_WHAT THE TASK ASKS_
Make an exact copy of every entry, leaving the pictures out.

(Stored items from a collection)
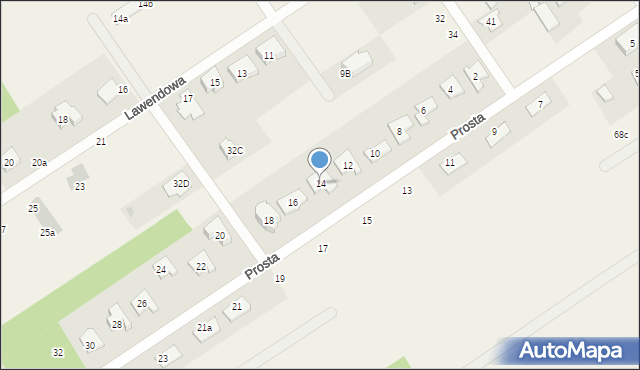 Olszewnica Stara, Prosta, 14, mapa Olszewnica Stara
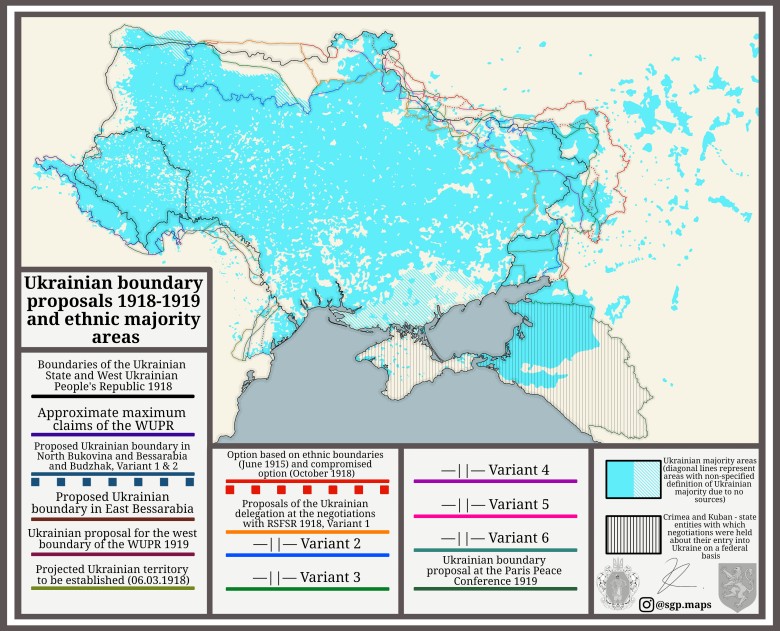 Ukraińskie propozycje granic 1918-1919 i obszary większości etnicznej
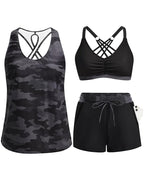 Maren | Set composto da bikini tankini a tre pezzi e copricostume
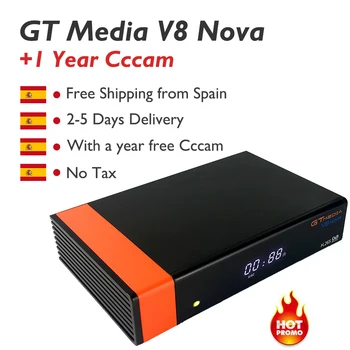 

Gtmedia v8 nova DVB-S2 FTA Satellite Receiver Freesat v8 with Europe ccam 7 lines for 1 year Support H.265 Built-in WiFi IPTV
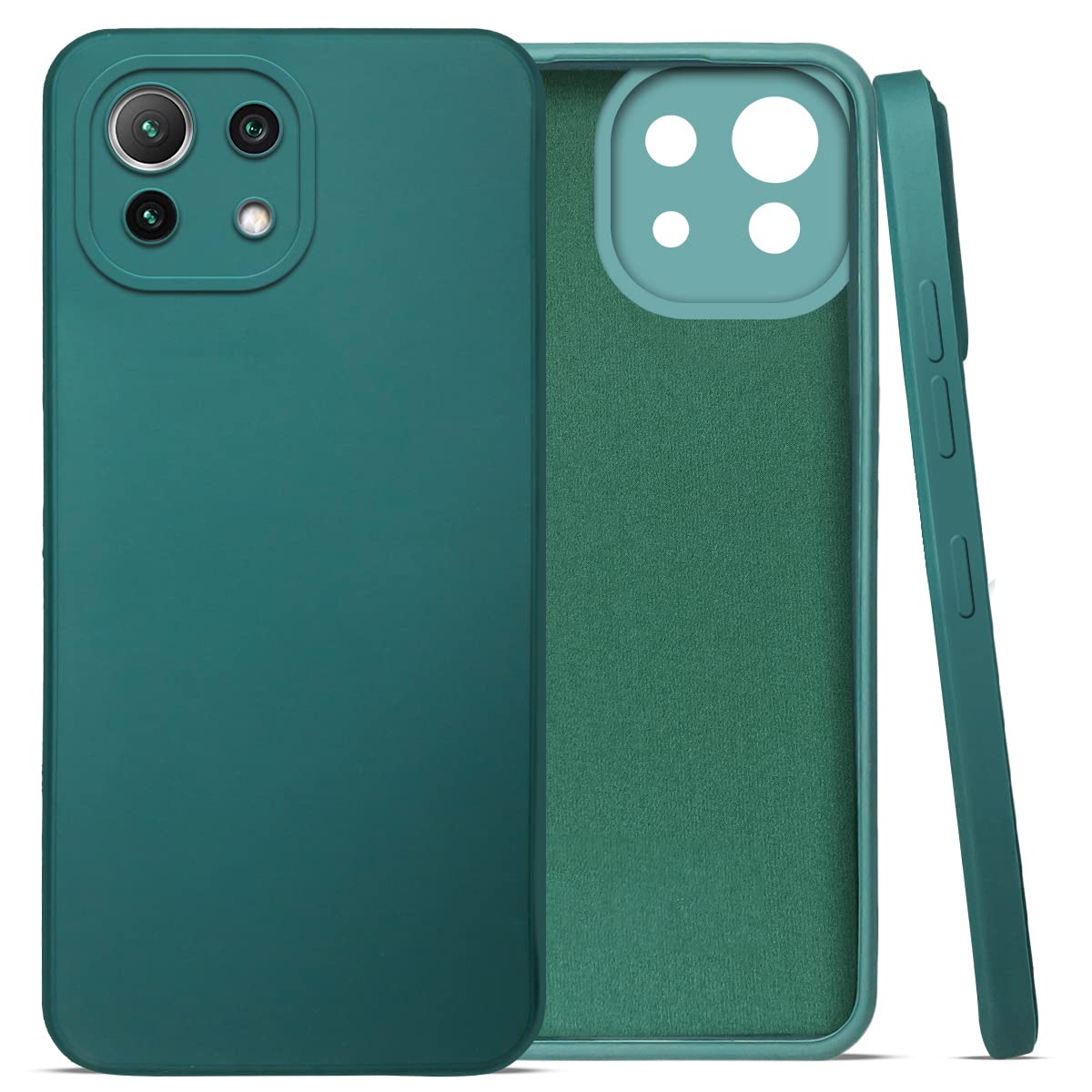 For Xiaomi 11 Lite 5G NE Back Cover Case (Matte Silicone with Inside Fiber Cloth)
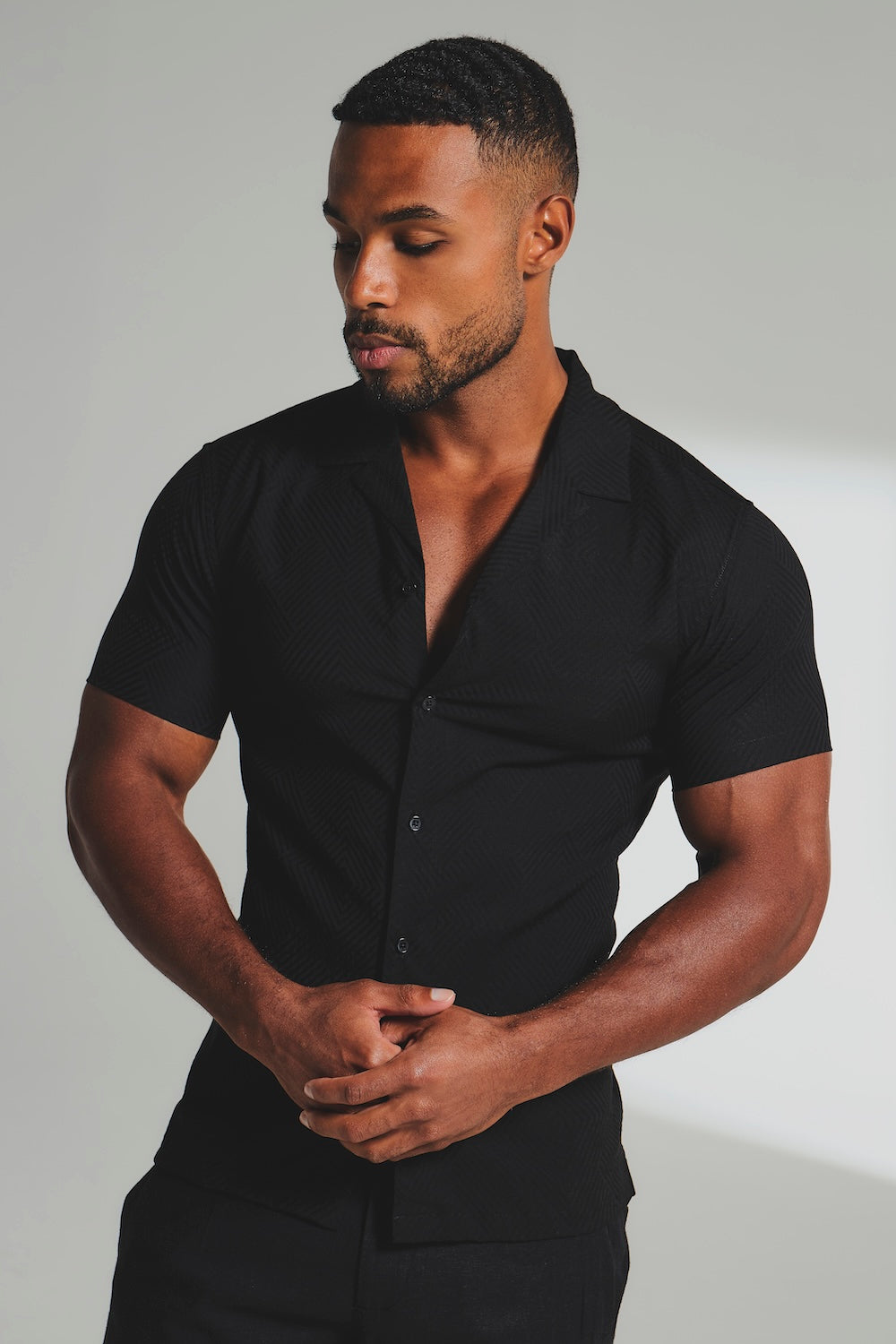 Woven Textured Cuban Collar Shirt in Black - TAILORED ATHLETE - USA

_EXERCISE OUTPUT_
 Olszewnica Stara, Prosta, 14, mapa Olszewnica Stara
 Ukraińskie propozycje granic 1918-1919 i obszary większości etnicznej
 Maren | Set composto da bikini tankini a tre pezzi e copricostume

Gtmedia v8 nova DVB-S2 FTA Satellite Receiver Freesat v8 with Europe ccam 7 lines for 1 year Support H.265 Built-in WiFi IPTV
 For Xiaomi 11 Lite 5G NE Back Cover Case (Matte Silicone with Inside Fiber Cloth)
 Woven Textured Cuban Collar Shirt in Black - TAILORED ATHLETE - USA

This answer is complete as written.